Included as part of the PRECAUTIONS section.


Cardiac Conduction Abnormalities

REYATAZ has been shown to prolong the PR interval of the electrocardiogram in some patients. In healthy volunteers and in patients, abnormalities in atrioventricular (AV) conduction were asymptomatic and generally limited to first-degree AV block. There have been reports of second-degree AV block and other conduction abnormalities [see ADVERSE REACTIONS and OVERDOSAGE]. In clinical trials that included electrocardiograms, asymptomatic first-degree AV block was observed in 5.9% of atazanavir-treated patients (n=920), 5.2% of lopinavir/ritonavir-treated patients (n=252), 10.4% of nelfinavir-treated patients (n=48), and 3.0% of efavirenz-treated patients (n=329). In Study AI424-045, asymptomatic first-degree AV block was observed in 5% (6/118) of atazanavir/ritonavir-treated patients and 5% (6/116) of lopinavir/ritonavir-treated patients who had on-study electrocardiogram measurements. Because of limited clinical experience in patients with preexisting conduction system disease (eg, marked first-degree AV block or second-or third-degree AV block). ECG monitoring should be considered in these patients. [See CLINICAL PHARMACOLOGY]

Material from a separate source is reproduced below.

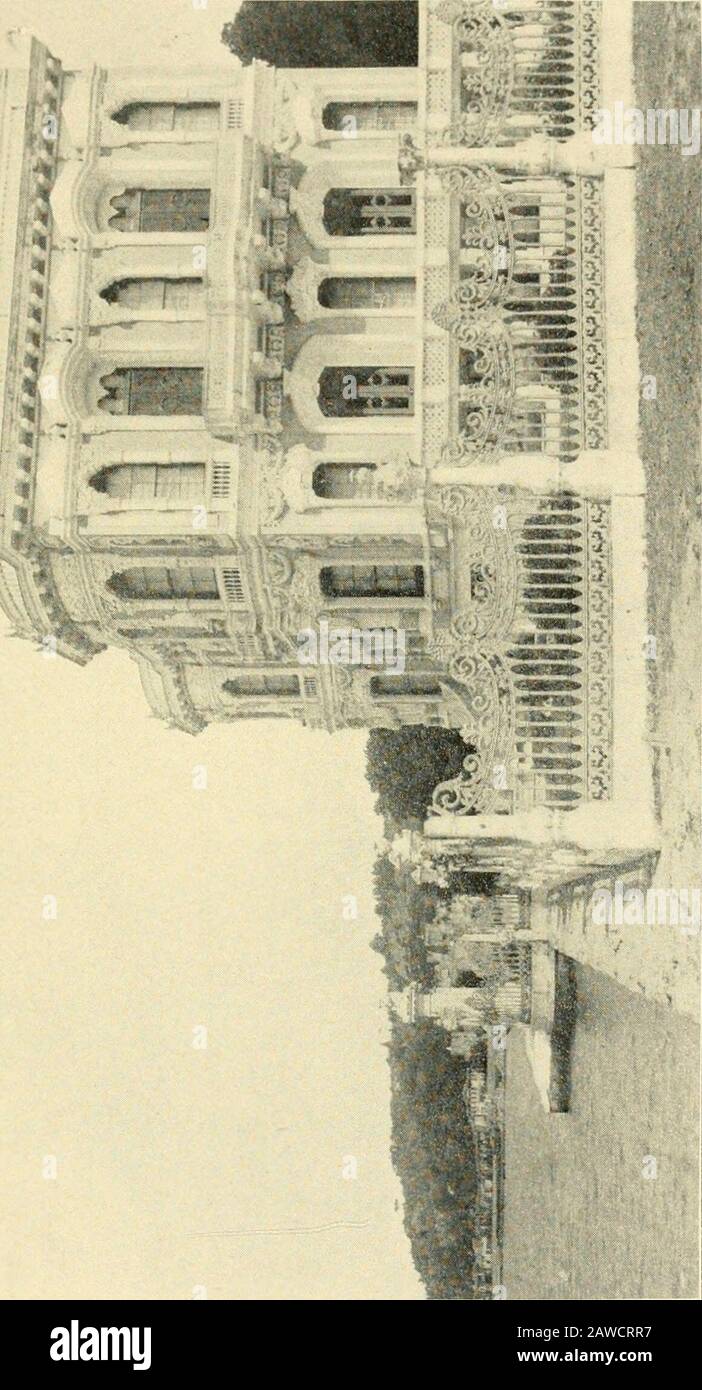 Il Turk e le sue province perdute : Grecia, Bulgaria, Servia, Bosnia. E, che devono aver costo un enorme somma di denaro. Tutto sul posto è del materiale mostcostoso. La stanza da bagno e toilette collegata agli appartamenti Sultans, che è mostrato con grande orgoglio, è fiancheggiata da lastre di alabastro - pavimento, pareti a soffitto - E la vasca è dello stesso materiale. Ci sono lavabi in quasi tutte le sale di ricevimento fatte di onice e alabastro, che ci sono stati toldwere necessario per prendere il posto delle ciotole da dito dopo la gente della corte ha mangiato dolci. Sia il Dolma-Baghtcheh che Il Beyler-Bey Foto Stock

In controlled clinical trials, rash (all grades, regardless of causality) occurred in approximately 20% of patients treated with REYATAZ. The median time to onset of rash in clinical studies was 7.3 weeks and the median duration of rash was 1.4 weeks. Rashes were generally mild-tomoderate maculopapular skin eruptions. Treatment-emergent adverse reactions of moderate or severe rash (occurring at a rate of ≥ 2%) are presented for the individual clinical studies [see ADVERSE REACTIONS]. Dosing with REYATAZ was often continued without interruption in patients who developed rash. The discontinuation rate for rash in clinical trials was < 1%. Cases of Stevens-Johnson syndrome, erythema multiforme, and toxic skin eruptions, including drug rash, eosinophilia, and systemic symptoms (DRESS) syndrome, have been reported in patients receiving REYATAZ. [See CONTRAINDICATIONS and ADVERSE REACTIONS] REYATAZ should be discontinued if severe rash develops.


Most patients taking REYATAZ experience asymptomatic elevations in indirect (unconjugated) bilirubin related to inhibition of UDP-glucuronosyl transferase (UGT). This hyperbilirubinemia is reversible upon discontinuation of REYATAZ. Hepatic transaminase elevations that occur with hyperbilirubinemia should be evaluated for alternative etiologies. No long-term safety data are available for patients experiencing persistent elevations in total bilirubin > 5 times the upper limit of normal (ULN). Alternative antiretroviral therapy to REYATAZ may be considered if jaundice or scleral icterus associated with bilirubin elevations presents cosmetic concerns for patients. Dose reduction of atazanavir is not recommended since long-term efficacy of reduced doses has not been established. [See ADVERSE REACTIONS]

Patients With Phenylketonuria

Phenylalanine can be harmful to patients with phenylketonuria (PKU). REYATAZ oral powder contains phenylalanine (a component of aspartame). Each packet of REYATAZ oral powder contains 35 mg of phenylalanine. REYATAZ capsules do not contain phenylalanine.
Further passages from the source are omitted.